This is a bit of experiment that I wanted to carry out for a long time and now finally got a chance to do. It's basically about enabling LTO on all major bits in stand and see if it helps to bring the bloat down. And it turned out surprisingly easy to pull off and very fruitful. Below is the summary table of the results.
{F81675464, size=full}
The change consists of four major parts:
1. Enabling LTO on all bits and pieces.
2. Using symbol versioning tables to demote all but one symbol to locals.
3. Fixing (more like a workarounding) a fallout of symbol being present multiple times in ZFS and EFI code. Has a lot to do with the hackish way ZFS and EFI are composed by including ".c" file into another ".c".

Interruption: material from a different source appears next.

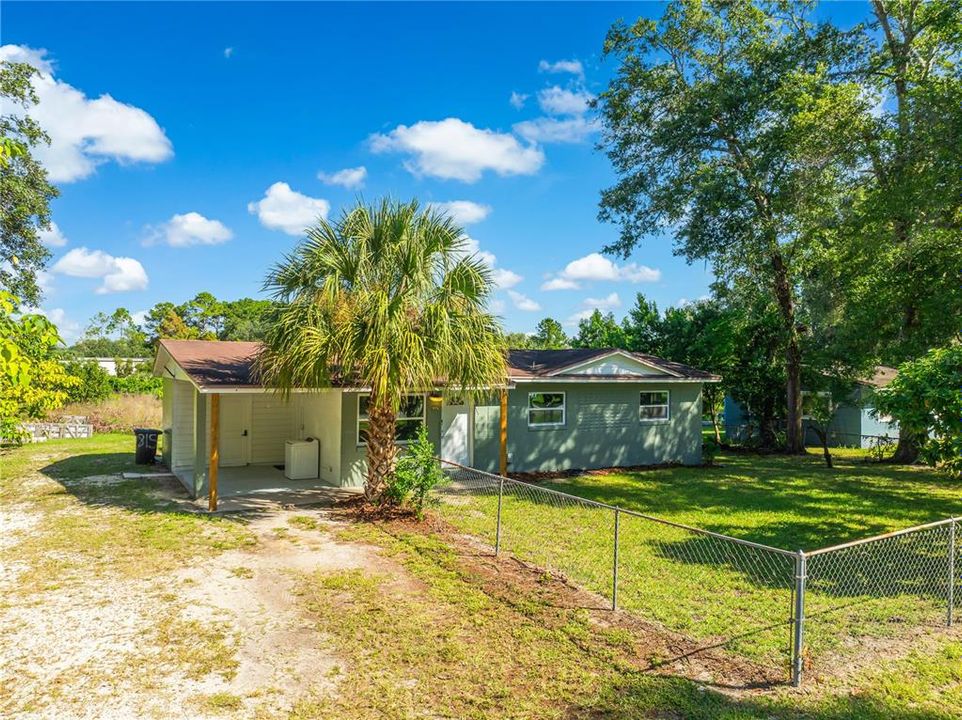 合同活跃: $285,000 (3 贝兹, 2 浴室, 1087 平方英尺)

There was also a smallish fix to pre-existing issue which is that EFI code needs to use -fshort-wchar (by the EFI book), and has the appropriate flag set. At the same time it links to the libsa, which has default wchar size of 32 bits on aarch64 and amd64. That makes lld unhappy. Such issue was easily missed before since such information won't survive the lowering to native code. I don't think anything else uses wchars in the code, so I opted to just enable it for everything.
The patch is against releng/13.2 (this is what I had on my machine), mainly for discussion at this point. If the input is positive, I'll bring it up to the latest master.
As it can be seen, the gain is quite substantial esp for the EFI parts. Not so much because of LTO but simply because there seems to be quite a lot of garbage being linked in right now. The only loss is 40 bytes off boot2, but we are still within a safe margin.